Record and Artist Details

Composer or Director: Franz Schubert

Genre:

Chamber

Label: BIS

Media Format: Super Audio CD

Media Runtime: 63

Catalogue Number: BIS2268

Tracks:

Composition Artist Credit
String Quartet No. 14, 'Death and the Maiden' Franz Schubert, Composer
Chiaroscuro
Franz Schubert, Composer
String Quartet No. 9 Franz Schubert, Composer
Chiaroscuro
Franz Schubert, Composer
‘Immer zu! Ohne Rast und Ruh’ – ‘Ever onwards, without respite’: these words from Schubert’s turbulent Goethe setting ‘Rastlose Liebe’ could stand as a motto to the Chiaroscuro’s Death and the Maiden. This is not to imply any rigidity in their playing. But with their ‘period’ sound world (gut strings, Classical bows, sharp articulation) allied to hungry tempos and phrasing that vaults across the bar line, Schubert’s darkest quartet seems more than ever a study in the inexorable power of rhythm.

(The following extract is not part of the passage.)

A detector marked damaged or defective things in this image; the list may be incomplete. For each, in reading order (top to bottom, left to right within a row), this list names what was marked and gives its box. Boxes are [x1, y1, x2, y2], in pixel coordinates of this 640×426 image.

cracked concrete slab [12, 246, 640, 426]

It is also, properly, a drama of uncomfortable extremes. In their dangerous night-ride of a finale, straining at the edge of the possible, the Chiaroscuro do not eschew harshness. Here and elsewhere their unvarnished sonorities (vibrato minimal or non-existent) make Schubert’s harmonic clashes all the more excruciating. Dynamic contrasts are uncommonly vivid, with precise gradations of piano, pianissimo and ppp; the players understand, too, that Schubert’s dynamic markings imply not merely degrees of softness but of colour and expressive import, as in the sudden pools of mystery amid the finale’s desperate energy.

Each of the four movements seems conceived in a single sweep. Even the opening Allegro’s potentially assuaging second theme, usually a cue for momentary relaxation, is caught up in the ongoing tumult; and typically, Alina Ibragimova’s filigree decorations on the theme’s repeat are wonders of delicacy and nuance at speed. After the coda’s truly frantic più mosso, the Chiaroscuro, with their bleak, blanched pianissimo, suggest traumatised exhaustion: Schubert staring into the void.

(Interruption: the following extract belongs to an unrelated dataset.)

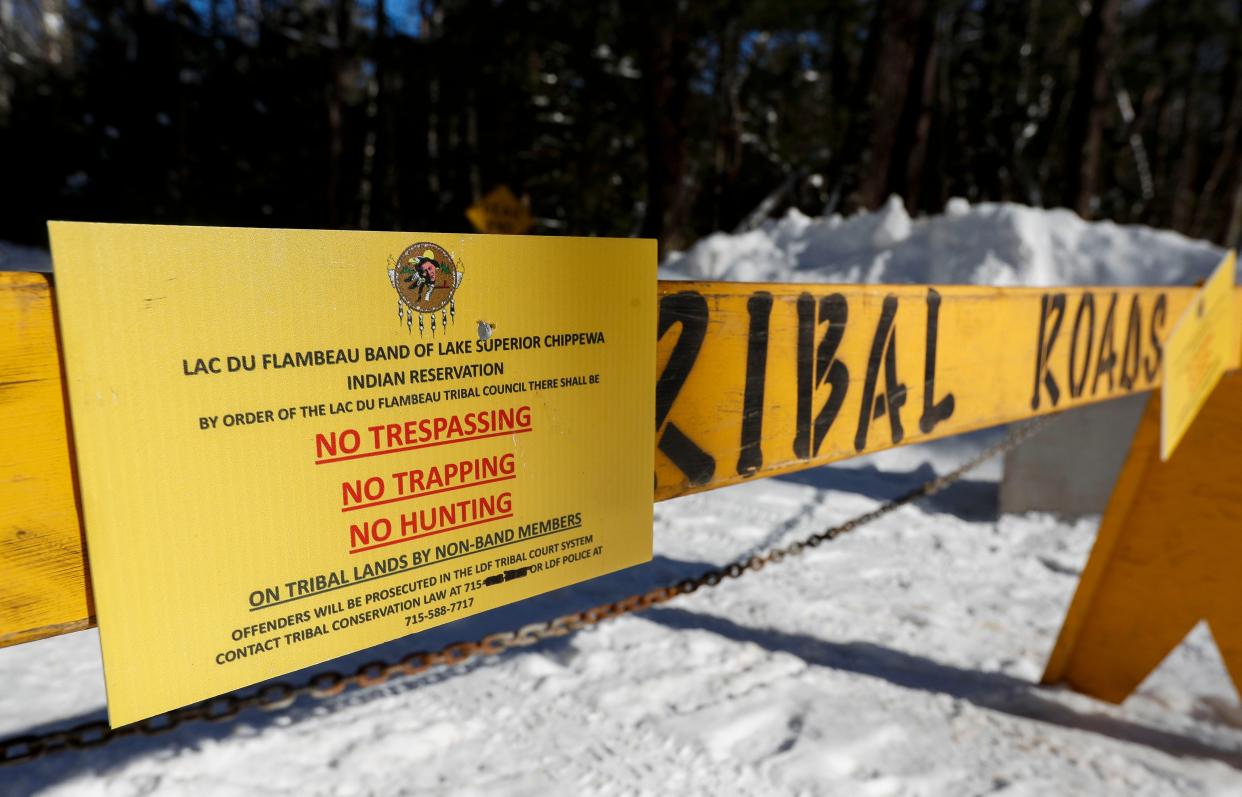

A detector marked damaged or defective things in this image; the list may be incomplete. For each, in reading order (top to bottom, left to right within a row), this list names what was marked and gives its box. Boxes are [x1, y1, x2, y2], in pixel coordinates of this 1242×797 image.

rusty chain [0, 416, 1048, 764]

Crucially, they observe Schubert’s con moto marking for the Andante variations and his request for two rather than (as we often hear) four beats to the bar. In the process a dirge is infused with the grave lilt of a pavan. Again, the movement unfolds with a seemingly inevitable momentum, from the theme itself, where the Chiaroscuro evoke a viol consort, to the flare of violence (properly shocking here) in the final variation. Predictably by now, there is minimal lingering in the cello variation, No 2, and the ethereal major-key variation, No 4. Here and in the first movement, the quartet’s lean sonorities and care for balance (helped by BIS’s exemplary recording) allow Schubert’s knotty rhythmic counterpoint to emerge with ideal clarity.

As an engulfing, visceral experience, the Chiaroscuro’s Death and the Maiden ranks alongside two of my favourite versions, the Alban Berg’s later recording (EMI/Warner, 3/86) and the Gramophone Award-winning Pavel Haas (Supraphon, 10/13). And its astringent ‘period’ sound world puts it in a category of its own. A chasm separates the Death and the Maiden from the 18-year-old Schubert’s G minor Quartet, offered here as a digestif. Parts of the first movement and minuet sound like gawky takes on Haydn and Mozart in Sturm und Drang vein. Yet in a performance as bracingly immediate as this, the work has plenty of enjoyably Schubertian touches, whether in the Andante’s airy dance or the paprika-flavoured finale, duly relished here.